Thursday, January 18, 2018

Sofia Gubaidulina, Part 6

Reading Michael Kurtz' book on Gubaidulina (translated from the German original) the truth that they take music very seriously in the Soviet Union and Russia is underlined again and again. The person that headed the Composers Union was an important figure whose role was to essentially control who got performances and commissions according to political ideology. After the crushing of the "Prague Spring" in August 1968 by Soviet troops, the Party loyalist Serafim Tulikov was chosen to head the Moscow Composers Union. The response of the non-conformist composers like Gubaidulina was to form a tight network of mutual support with both performers and listeners. Despite this there was a continuing problem of getting permission to organize concerts.

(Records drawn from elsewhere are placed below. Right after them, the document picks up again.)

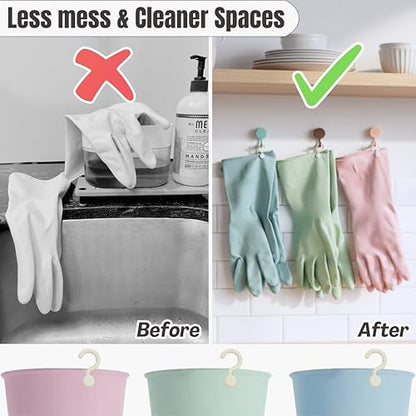 IMARU 3 Pairs Dishwashing Gloves with Hanging Hooks - Reusable Rubber Cleaning Gloves for Household & Kitchen & Gardening, Non-Slip & Waterproof & Durable (Large) - size: Large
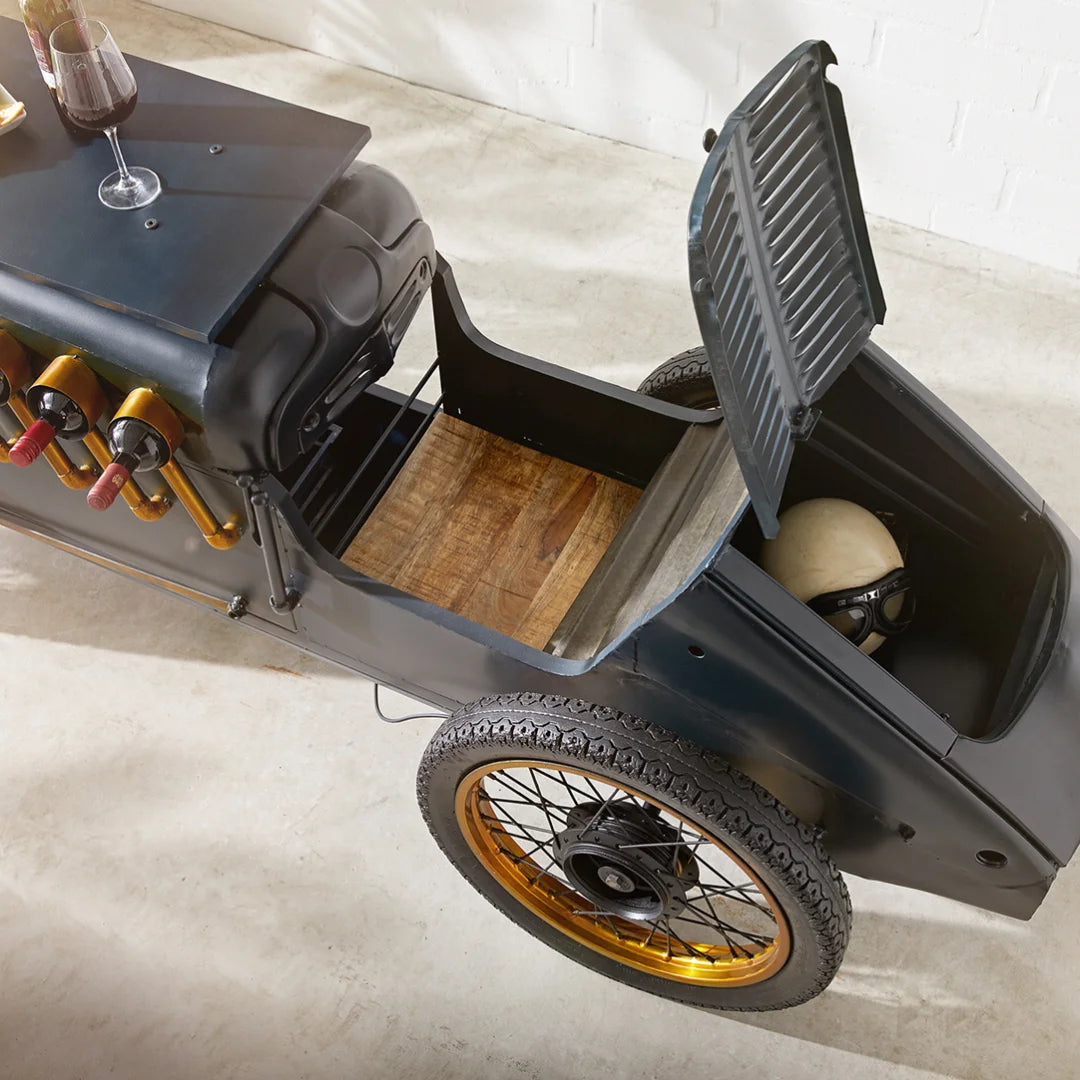 Timeless auto bar table for living room with vintage car design, storage shelves and premium finish by Foxfurn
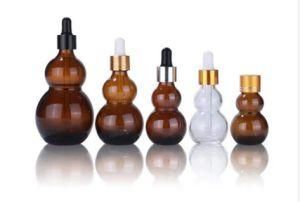 Wholesale Amber Double Gourd Ressential Oil Bottle/Glass Light-Proof Essence Empty Bottle/Dropper Bottle
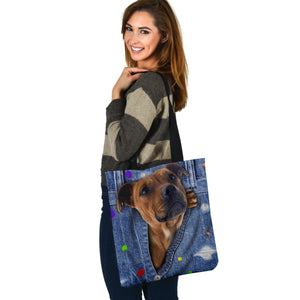 STAFFORDSHIRE BULL TERRIER-The Rainbow-Cloth Tote Bag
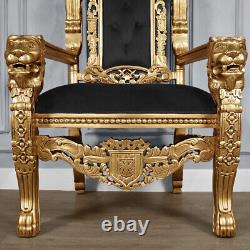 Chaise de trône du Roi Lion avec cadre en feuille d'or et rembourrage en velours noir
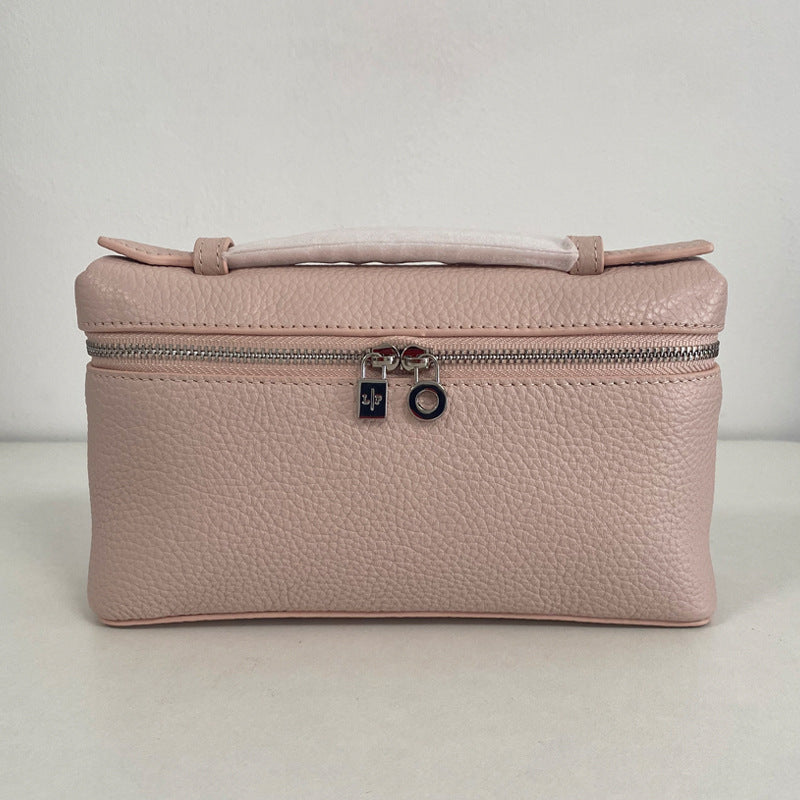 Cowhide Lunch Box Stylish Good Texture Pocket Simple Shoulder Bags
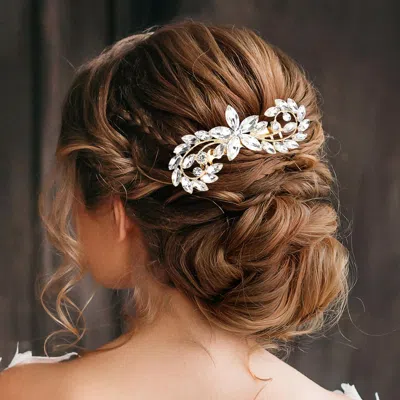 Fashnzfab Flower Centered Marquise Stone Cluster Hair Comb In White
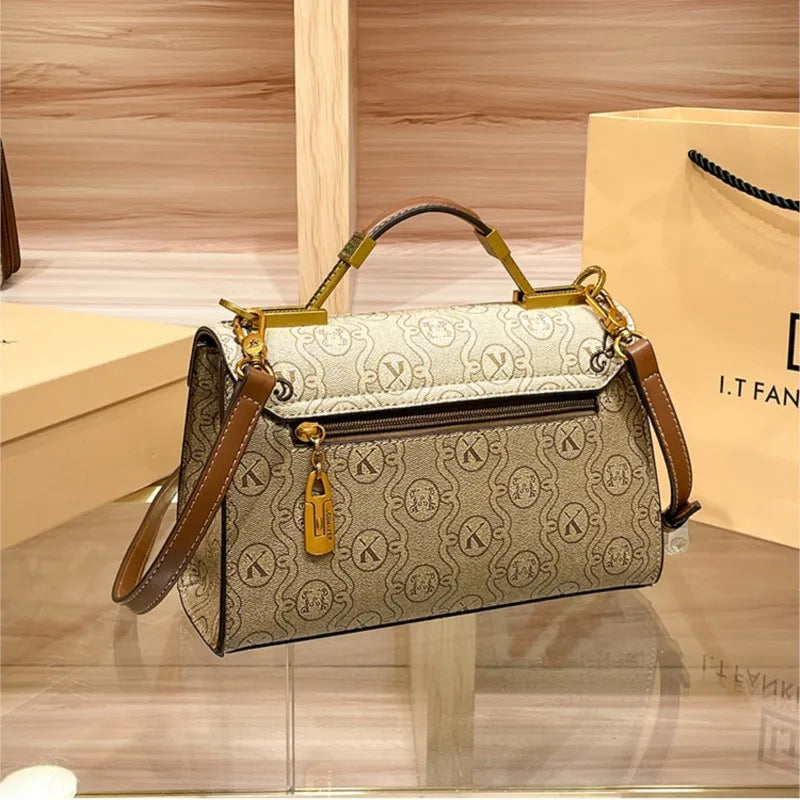 High-end leather shoulder bag designer retro crossbody bag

Pyotr Meshchaninov was an important organizer of chamber concerts using members of the State Symphony Orchestra. Unfortunately nine out of ten applications were turned down. Programs featuring composers like Gubaidulina and Denisov were typically rejected with the Party representative simply crossing out their names!

Very occasionally Gubaidulina received a performance abroad. In 1971 the Royan festival in France featured Eastern European composers and two works by Gubaidulina were performed, the Piano Sonata and the premiere of Concordanza, a new work for chamber ensemble. I suspect that this piece may be been revised at some later point as one writer, Doris Redepenning, refers to four instrumentalists, but the performances on YouTube have ten players. Here is the Esbjerg Ensemble:

One thing that stands out are the enormous contrasts: between simple unisons and massive dissonances, between soft, slow harmonics and rapid cascades of percussion, between fierce rhythms and lyrical melodic passages, between clearly defined pitches and glissandi. But at the same time, one has the sense that everything is there for a purpose. What I enjoy about this performance is how they handle it as chamber music, without a conductor. You can see the musicians providing one another with cues, which leads to a more unified performance.